The Ringer's Kevin O'Connor reported the Hornets "are likely targeting a big man and are heavily considering Okongwu."
Okongwu averaged 16.2 points, 8.6 rebounds and 2.7 blocks in his lone season with the Trojans. Bleacher Report's Jonathan Wasserman ranked him as the third-best player in his most recent big board:
"Everyone buys his floor as a finisher and rim protector. The debate is about his upside as a 6'9", non-shooting center.
"But I'm too high on Okongwu's footwork for shot-creation and touch inside the arc. He should be more than just a dunker with his ability to shake in the post and soft touch with both hands.
"He'll also anchor the paint defensively while maintaining switchability and recovery speed in pick-and-roll coverage. He's a can't-lose option with the potential to impact games at both ends."
The overarching problem for the Hornets at the moment is they appear to have little in the way of foundational pieces for their rebuild.
Terry Rozier turns 27 in March, and he fits better as a complementary piece rather than a lead guard. First-round draft picks Malik Monk, Miles Bridges and P.J. Washington haven't fully panned out yet. Devonte' Graham had a breakout 2019-20 season and should be a part of the backcourt going forward; however, he's not a Kemba Walker-like talent who can be a franchise cornerstone.

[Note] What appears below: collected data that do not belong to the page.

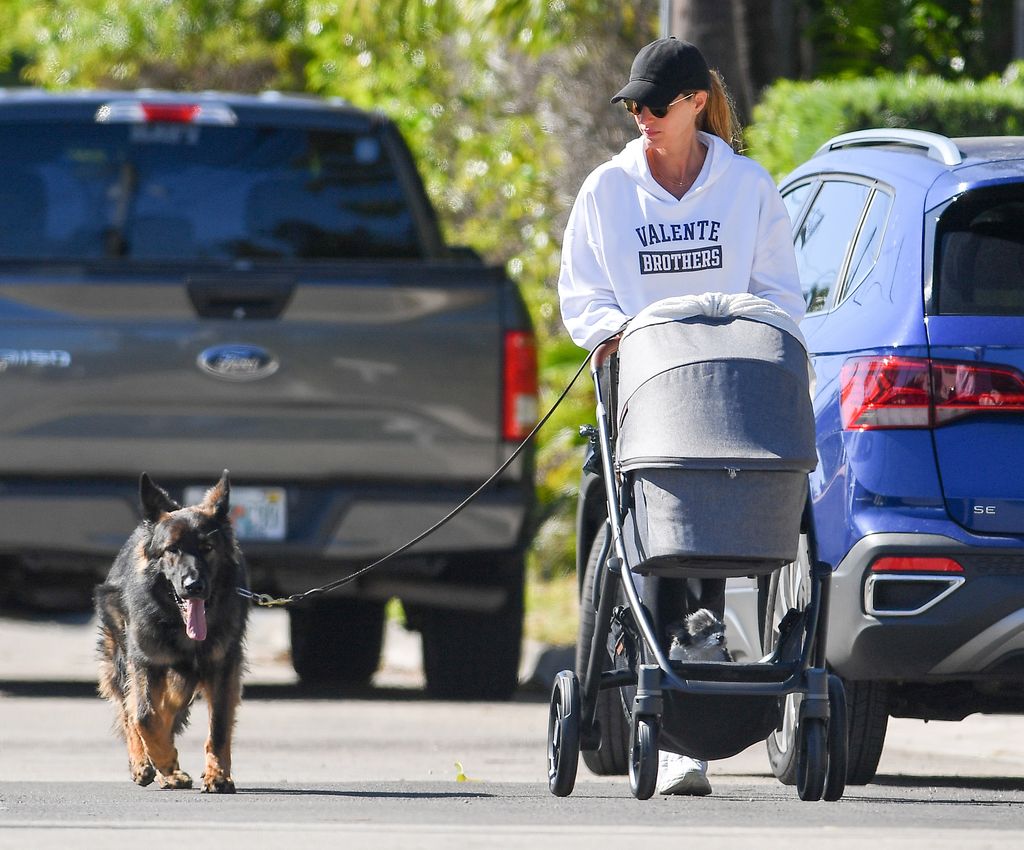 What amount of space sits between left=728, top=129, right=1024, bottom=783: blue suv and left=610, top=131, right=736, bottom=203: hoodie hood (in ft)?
2.33

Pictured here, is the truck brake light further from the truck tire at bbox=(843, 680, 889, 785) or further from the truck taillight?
the truck tire at bbox=(843, 680, 889, 785)

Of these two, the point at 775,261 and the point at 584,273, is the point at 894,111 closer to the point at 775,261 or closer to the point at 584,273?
the point at 775,261

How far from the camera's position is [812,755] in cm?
517

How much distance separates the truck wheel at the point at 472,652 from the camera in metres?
9.09

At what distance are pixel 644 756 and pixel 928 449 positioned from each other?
126 cm

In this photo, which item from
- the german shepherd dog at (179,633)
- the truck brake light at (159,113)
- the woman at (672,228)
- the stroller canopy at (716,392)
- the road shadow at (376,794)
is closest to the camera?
the stroller canopy at (716,392)

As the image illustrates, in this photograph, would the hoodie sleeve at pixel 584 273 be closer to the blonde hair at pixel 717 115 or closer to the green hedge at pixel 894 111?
the blonde hair at pixel 717 115

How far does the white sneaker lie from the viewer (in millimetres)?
5922

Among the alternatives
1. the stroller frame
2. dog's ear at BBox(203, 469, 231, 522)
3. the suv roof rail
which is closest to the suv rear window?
the suv roof rail

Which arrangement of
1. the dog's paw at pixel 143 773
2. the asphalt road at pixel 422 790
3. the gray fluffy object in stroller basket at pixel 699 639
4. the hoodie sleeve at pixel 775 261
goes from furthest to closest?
the dog's paw at pixel 143 773
the hoodie sleeve at pixel 775 261
the gray fluffy object in stroller basket at pixel 699 639
the asphalt road at pixel 422 790

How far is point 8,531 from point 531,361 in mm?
2121

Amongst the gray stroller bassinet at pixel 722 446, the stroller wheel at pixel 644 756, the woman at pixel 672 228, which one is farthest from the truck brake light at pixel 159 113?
the stroller wheel at pixel 644 756

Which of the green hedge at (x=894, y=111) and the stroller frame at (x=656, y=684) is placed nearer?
the stroller frame at (x=656, y=684)

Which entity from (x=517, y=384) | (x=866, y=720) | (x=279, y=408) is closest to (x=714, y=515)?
(x=866, y=720) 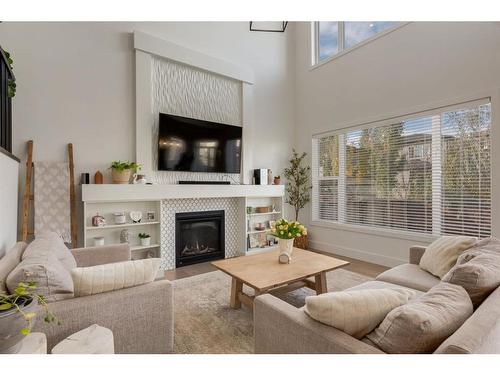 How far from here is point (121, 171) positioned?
3.30m

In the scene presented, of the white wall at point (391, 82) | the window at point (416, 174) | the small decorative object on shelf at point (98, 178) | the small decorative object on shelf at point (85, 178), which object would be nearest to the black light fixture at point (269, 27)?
the white wall at point (391, 82)

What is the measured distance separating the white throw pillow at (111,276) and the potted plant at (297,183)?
12.4 feet

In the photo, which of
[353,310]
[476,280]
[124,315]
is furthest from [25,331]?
[476,280]

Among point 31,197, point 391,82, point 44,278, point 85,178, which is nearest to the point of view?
point 44,278

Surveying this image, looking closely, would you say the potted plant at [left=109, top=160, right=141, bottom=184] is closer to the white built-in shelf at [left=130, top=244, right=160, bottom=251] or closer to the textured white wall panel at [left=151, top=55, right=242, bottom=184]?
the textured white wall panel at [left=151, top=55, right=242, bottom=184]

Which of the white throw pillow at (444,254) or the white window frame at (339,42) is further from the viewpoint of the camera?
the white window frame at (339,42)

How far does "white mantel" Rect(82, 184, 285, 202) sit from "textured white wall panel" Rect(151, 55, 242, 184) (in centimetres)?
29

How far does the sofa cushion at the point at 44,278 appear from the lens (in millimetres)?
1295

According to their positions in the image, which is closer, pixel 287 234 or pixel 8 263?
pixel 8 263

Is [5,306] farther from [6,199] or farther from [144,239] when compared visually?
[144,239]

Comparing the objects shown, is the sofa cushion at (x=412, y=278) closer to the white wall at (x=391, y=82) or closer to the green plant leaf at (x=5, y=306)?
the white wall at (x=391, y=82)

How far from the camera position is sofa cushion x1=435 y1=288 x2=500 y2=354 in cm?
81

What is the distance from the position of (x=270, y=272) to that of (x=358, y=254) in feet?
8.28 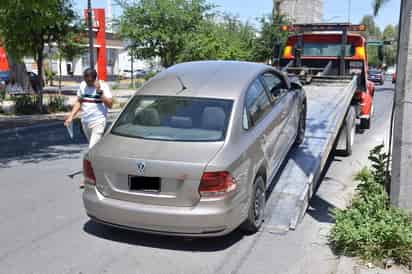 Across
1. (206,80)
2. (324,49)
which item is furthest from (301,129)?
(324,49)

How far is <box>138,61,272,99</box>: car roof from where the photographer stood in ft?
17.4

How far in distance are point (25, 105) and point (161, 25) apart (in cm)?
721

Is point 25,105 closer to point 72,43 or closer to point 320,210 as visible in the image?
point 72,43

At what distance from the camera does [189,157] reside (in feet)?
14.7

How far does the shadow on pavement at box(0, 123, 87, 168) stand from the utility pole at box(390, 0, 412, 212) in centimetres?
630

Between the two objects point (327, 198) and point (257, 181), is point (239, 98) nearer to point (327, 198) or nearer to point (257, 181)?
point (257, 181)

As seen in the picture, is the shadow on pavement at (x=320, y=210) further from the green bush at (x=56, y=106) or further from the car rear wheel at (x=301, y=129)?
the green bush at (x=56, y=106)

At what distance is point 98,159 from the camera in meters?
4.73

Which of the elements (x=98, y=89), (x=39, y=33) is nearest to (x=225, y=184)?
(x=98, y=89)

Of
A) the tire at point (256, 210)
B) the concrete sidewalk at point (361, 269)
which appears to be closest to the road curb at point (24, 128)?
the tire at point (256, 210)

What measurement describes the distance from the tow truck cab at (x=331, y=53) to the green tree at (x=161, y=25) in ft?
32.3

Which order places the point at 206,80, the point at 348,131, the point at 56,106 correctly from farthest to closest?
1. the point at 56,106
2. the point at 348,131
3. the point at 206,80

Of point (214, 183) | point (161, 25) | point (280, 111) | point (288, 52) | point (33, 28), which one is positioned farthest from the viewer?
point (161, 25)

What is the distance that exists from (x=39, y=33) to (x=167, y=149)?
1434cm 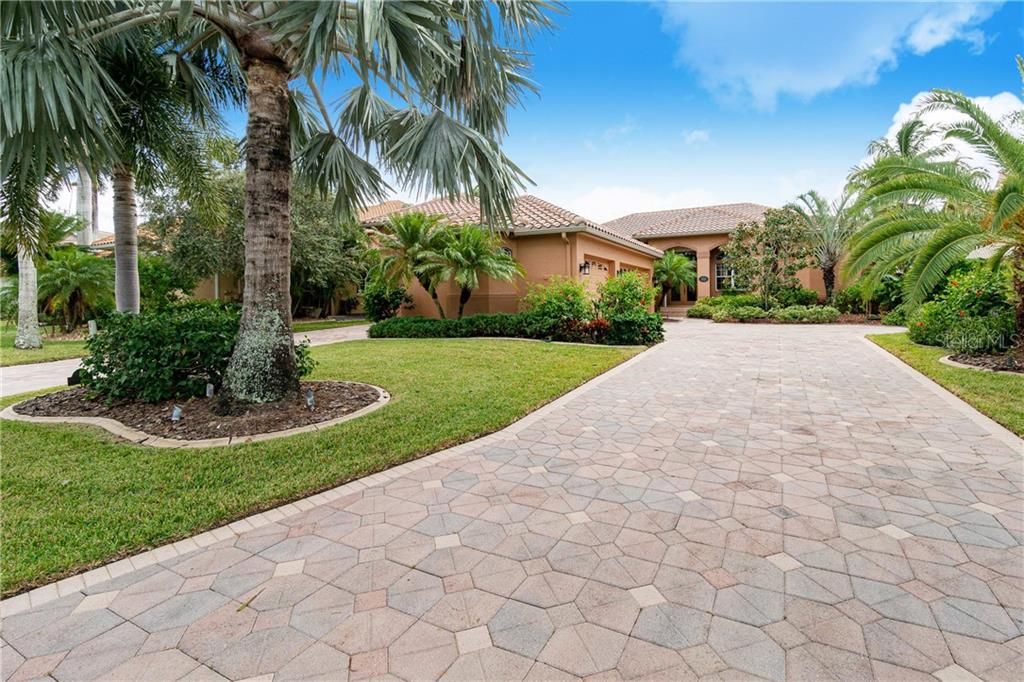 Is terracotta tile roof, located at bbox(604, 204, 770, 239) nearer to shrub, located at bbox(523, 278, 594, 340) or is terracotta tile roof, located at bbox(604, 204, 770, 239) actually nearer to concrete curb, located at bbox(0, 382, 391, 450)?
shrub, located at bbox(523, 278, 594, 340)

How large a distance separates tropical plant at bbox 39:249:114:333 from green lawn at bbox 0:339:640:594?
411 inches

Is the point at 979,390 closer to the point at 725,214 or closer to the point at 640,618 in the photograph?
the point at 640,618

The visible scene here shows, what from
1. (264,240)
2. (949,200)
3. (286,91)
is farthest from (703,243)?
(264,240)

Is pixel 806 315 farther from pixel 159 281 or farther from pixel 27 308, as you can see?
pixel 27 308

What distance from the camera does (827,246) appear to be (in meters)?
23.7

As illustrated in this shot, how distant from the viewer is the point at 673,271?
26.3 m

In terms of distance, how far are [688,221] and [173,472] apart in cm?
2970

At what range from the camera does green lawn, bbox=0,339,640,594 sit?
3.29m

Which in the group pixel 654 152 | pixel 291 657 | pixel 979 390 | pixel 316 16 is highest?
pixel 654 152

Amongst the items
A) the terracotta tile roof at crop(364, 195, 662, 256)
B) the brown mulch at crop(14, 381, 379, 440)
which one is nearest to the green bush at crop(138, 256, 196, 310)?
the terracotta tile roof at crop(364, 195, 662, 256)

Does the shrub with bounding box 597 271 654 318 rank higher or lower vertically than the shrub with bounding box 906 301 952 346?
higher

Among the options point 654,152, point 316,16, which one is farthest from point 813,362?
point 316,16

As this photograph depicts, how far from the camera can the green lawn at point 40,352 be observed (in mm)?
11844

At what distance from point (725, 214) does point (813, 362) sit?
2195 centimetres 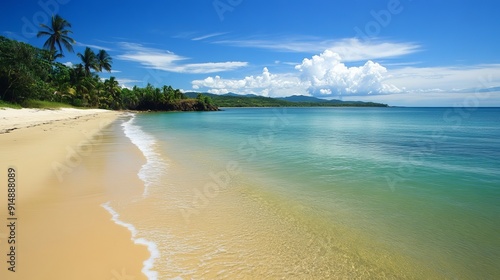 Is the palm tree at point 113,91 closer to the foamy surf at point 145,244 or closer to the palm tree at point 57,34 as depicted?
the palm tree at point 57,34

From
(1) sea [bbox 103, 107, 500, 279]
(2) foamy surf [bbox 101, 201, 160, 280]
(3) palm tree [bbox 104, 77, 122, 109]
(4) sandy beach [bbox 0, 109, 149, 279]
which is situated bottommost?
(1) sea [bbox 103, 107, 500, 279]

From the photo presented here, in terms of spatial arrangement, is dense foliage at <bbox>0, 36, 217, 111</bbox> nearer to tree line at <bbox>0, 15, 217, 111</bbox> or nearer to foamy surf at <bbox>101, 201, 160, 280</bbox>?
tree line at <bbox>0, 15, 217, 111</bbox>

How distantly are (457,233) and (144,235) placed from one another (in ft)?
21.6

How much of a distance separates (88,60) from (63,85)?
1563 cm

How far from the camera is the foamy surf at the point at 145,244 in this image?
4254 millimetres

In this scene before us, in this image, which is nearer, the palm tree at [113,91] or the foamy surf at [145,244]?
the foamy surf at [145,244]

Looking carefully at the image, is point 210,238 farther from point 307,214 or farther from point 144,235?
point 307,214

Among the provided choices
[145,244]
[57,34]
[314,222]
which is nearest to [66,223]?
[145,244]

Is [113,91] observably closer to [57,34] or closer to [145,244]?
[57,34]

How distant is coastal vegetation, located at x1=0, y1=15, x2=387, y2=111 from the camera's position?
42031 millimetres

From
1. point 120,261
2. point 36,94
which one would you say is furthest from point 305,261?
point 36,94

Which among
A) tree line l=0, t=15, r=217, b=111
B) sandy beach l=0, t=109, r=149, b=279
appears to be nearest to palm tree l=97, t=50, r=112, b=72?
tree line l=0, t=15, r=217, b=111

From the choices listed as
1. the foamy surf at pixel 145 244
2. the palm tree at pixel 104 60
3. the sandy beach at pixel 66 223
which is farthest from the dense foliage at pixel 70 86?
the foamy surf at pixel 145 244

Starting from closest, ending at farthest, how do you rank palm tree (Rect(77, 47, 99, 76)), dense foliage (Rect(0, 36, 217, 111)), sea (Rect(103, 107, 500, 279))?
sea (Rect(103, 107, 500, 279)) < dense foliage (Rect(0, 36, 217, 111)) < palm tree (Rect(77, 47, 99, 76)) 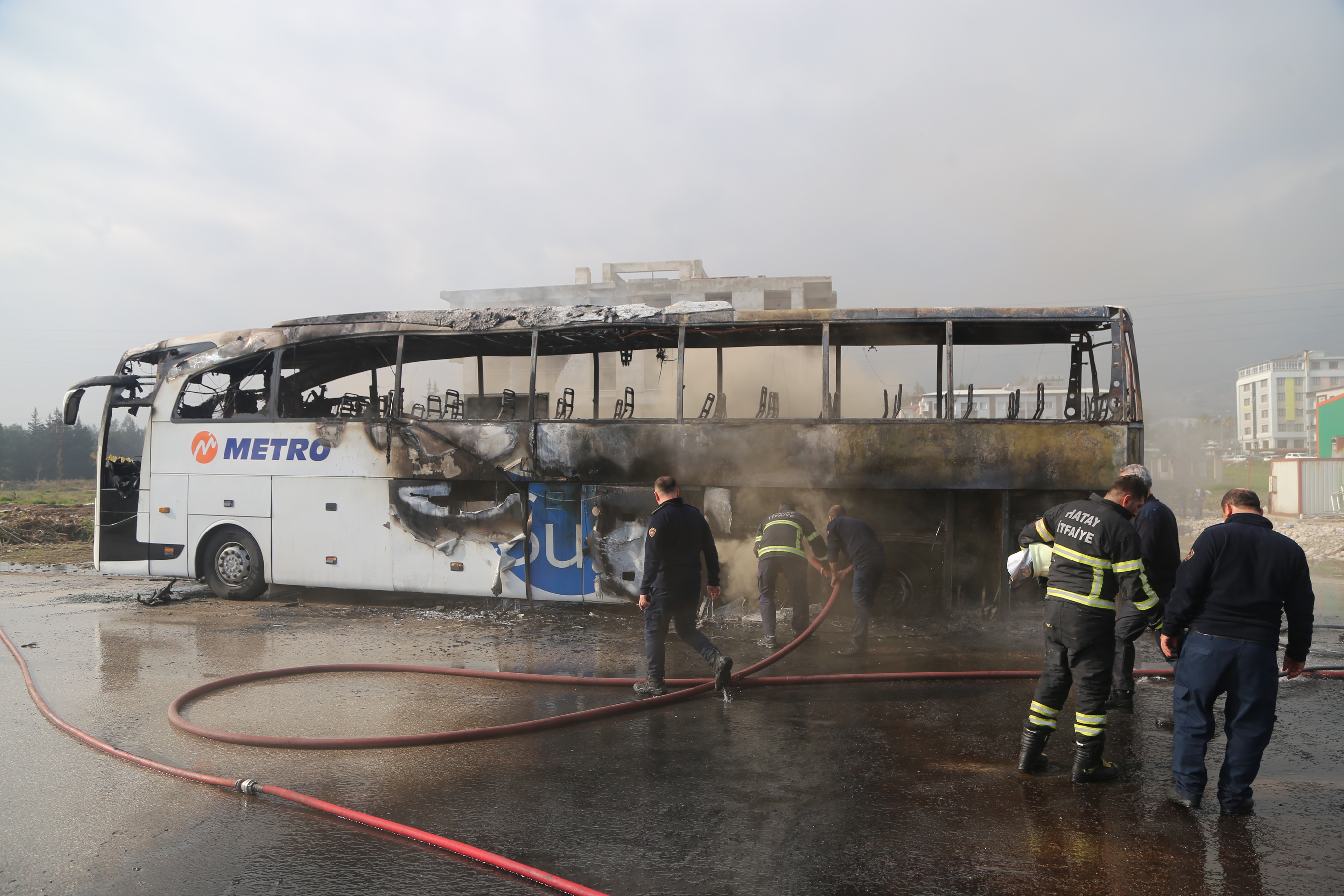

The one benefit for the Hornets is that leaves them with a lot of flexibility in the first round. They can focus on value rather than drafting for need.
Okongwu would suit both aims.
Cody Zeller is entering the final year of his contract, while Willy Hernangomez and Bismack Biyombo are free agents. Assuming Charlotte makes an effort to re-sign Hernangomez, the team would still have a void at center since Zeller is a prime trade candidate on an expiring deal.
Okongwu could come in and be the long-term solution at the 5.